O coração humano age
corretamente obedecendo ao instinto que o impele à busca da
felicidade. Mas esta não consiste apenas na satisfação exterior.
As limitações e as insuficiências da satisfação exterior levam o
homem a empreender sucessivamente a procura religiosa, a mística e
depois a filosófica.
Se é verdade que o mal começa
desde o momento em que o homem se dissocia do Eu Superior, o único
meio de fazer o mal desaparecer é reconstituir a associação.
Em cada uma de suas
encarnações, o homem corre atrás da riqueza, deseja o amor, tenta
escalar os cumes da reputação, mas na verdade está apenas
procurando sem conhecer o Real. Ao alcançar este, adquire uma
riqueza que não poderá mais perder, alcança um amor que nunca se
esvanecerá.
Em certos momentos do amor
terrestre, particularmente no começo, este se liberta da carne e
toca em algo muito mais alto. Durante alguns raros instantes é uma
atividade do Espírito, a procura sagrada de dois seres pesquisando o
Eu Superior um no outro, um abraço de Deus sob uma aparência
inferior.
Mas esta noção do amor é
tristemente limitada. O amor não pode parar aí. A própria vida o
conduz além. Ele o consegue, primeiro, indo além do engano da carne
lastimável e efêmera, e em seguida se transformando em coisa mais
nobre e mais rara, que é a compaixão. É no abandono divino a esta
qualidade maravilhosa e na sua extensão à humanidade inteira que o
amor se realiza afinal.
O ego faz uma evolução que
toma a forma de tríplice corrente: física, intelectual e
espiritual.
Na primeira, dirige-se para o
exterior e alcança os abismos da ignorância e do mal, perdendo-se
durante certo tempo na ilusão da matéria. Os desejos multiplicam-se
poderosamente na primeira corrente e perdem intensidade na terceira.

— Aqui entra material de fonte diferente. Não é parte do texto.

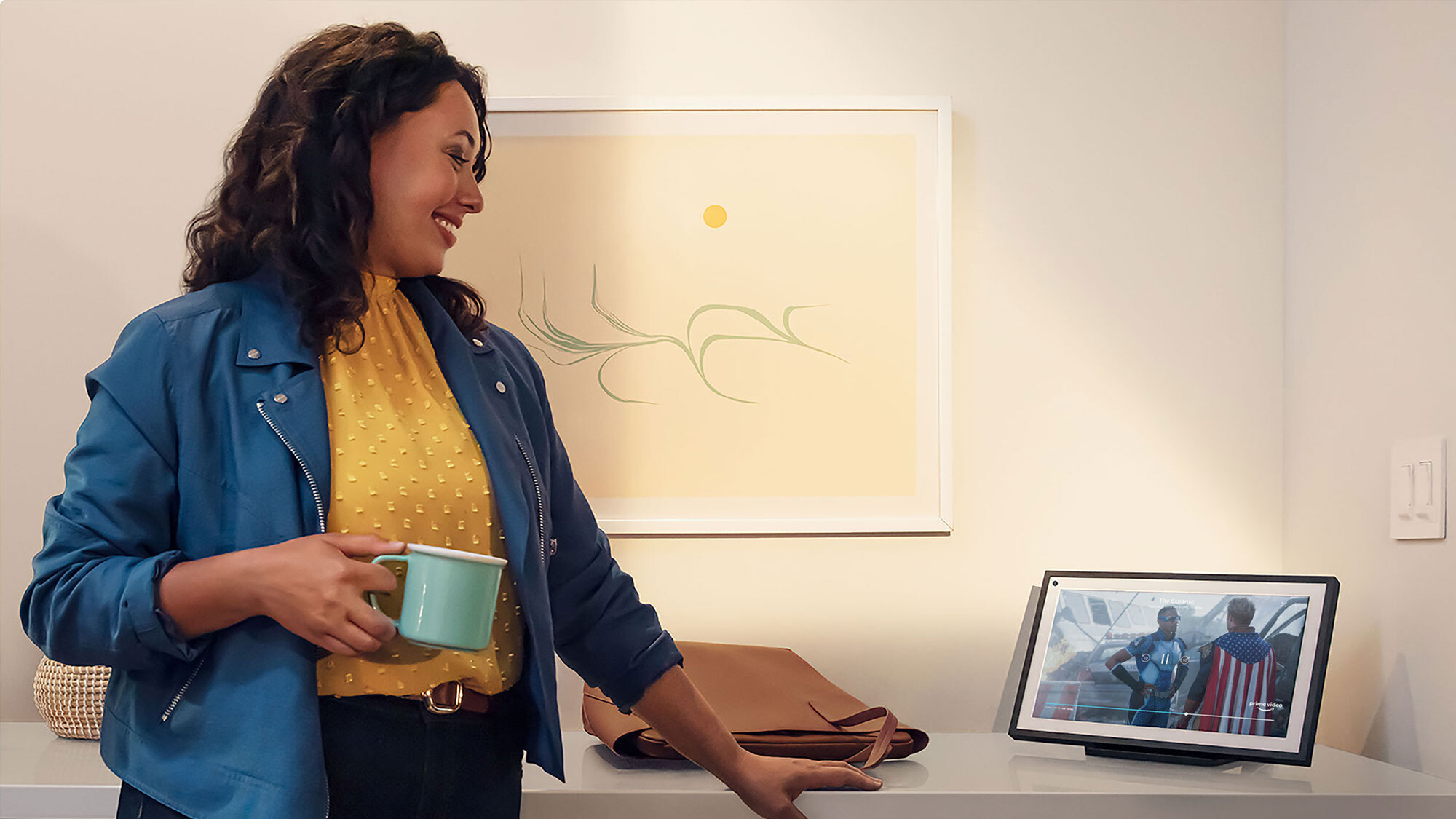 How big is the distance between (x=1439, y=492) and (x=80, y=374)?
6.09 feet

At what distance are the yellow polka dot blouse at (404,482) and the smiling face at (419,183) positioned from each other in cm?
4

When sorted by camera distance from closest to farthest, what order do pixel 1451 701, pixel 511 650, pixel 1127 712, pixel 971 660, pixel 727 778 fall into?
1. pixel 511 650
2. pixel 727 778
3. pixel 1451 701
4. pixel 1127 712
5. pixel 971 660

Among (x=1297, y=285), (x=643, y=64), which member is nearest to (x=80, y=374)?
(x=643, y=64)

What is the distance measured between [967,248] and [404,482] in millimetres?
1108

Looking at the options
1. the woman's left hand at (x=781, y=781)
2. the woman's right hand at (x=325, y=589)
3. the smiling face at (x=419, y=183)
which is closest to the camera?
the woman's right hand at (x=325, y=589)

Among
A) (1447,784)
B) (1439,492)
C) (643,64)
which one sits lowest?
(1447,784)

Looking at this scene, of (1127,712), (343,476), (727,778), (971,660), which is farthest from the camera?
(971,660)

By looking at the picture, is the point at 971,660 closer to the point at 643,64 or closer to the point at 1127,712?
the point at 1127,712

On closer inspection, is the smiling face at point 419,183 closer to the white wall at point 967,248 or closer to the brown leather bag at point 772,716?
the brown leather bag at point 772,716

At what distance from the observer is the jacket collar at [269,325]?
908mm

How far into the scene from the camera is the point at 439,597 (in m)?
0.81

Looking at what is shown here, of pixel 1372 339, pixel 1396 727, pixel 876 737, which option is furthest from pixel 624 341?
pixel 1396 727

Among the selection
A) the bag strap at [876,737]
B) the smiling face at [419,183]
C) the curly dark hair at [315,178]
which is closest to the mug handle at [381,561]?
the curly dark hair at [315,178]

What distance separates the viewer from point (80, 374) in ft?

Na segunda, a intelectual, a
evolução é mais lenta e carregada de lutas. O ego se faz curioso e
interrogador. Não mais deseja somente conseguir a vida, mas
compreendê-la. O ego atinge assim o ponto de sua longa evolução em
que, recorrendo à inteligência, começa a olhar para trás,
empreendendo a viagem que o conduzirá ao porto.
Na evolução espiritual, o
ego se dirige para o interior e atinge finalmente a unidade procurada
e volta em plena consciência ao Eu Superior.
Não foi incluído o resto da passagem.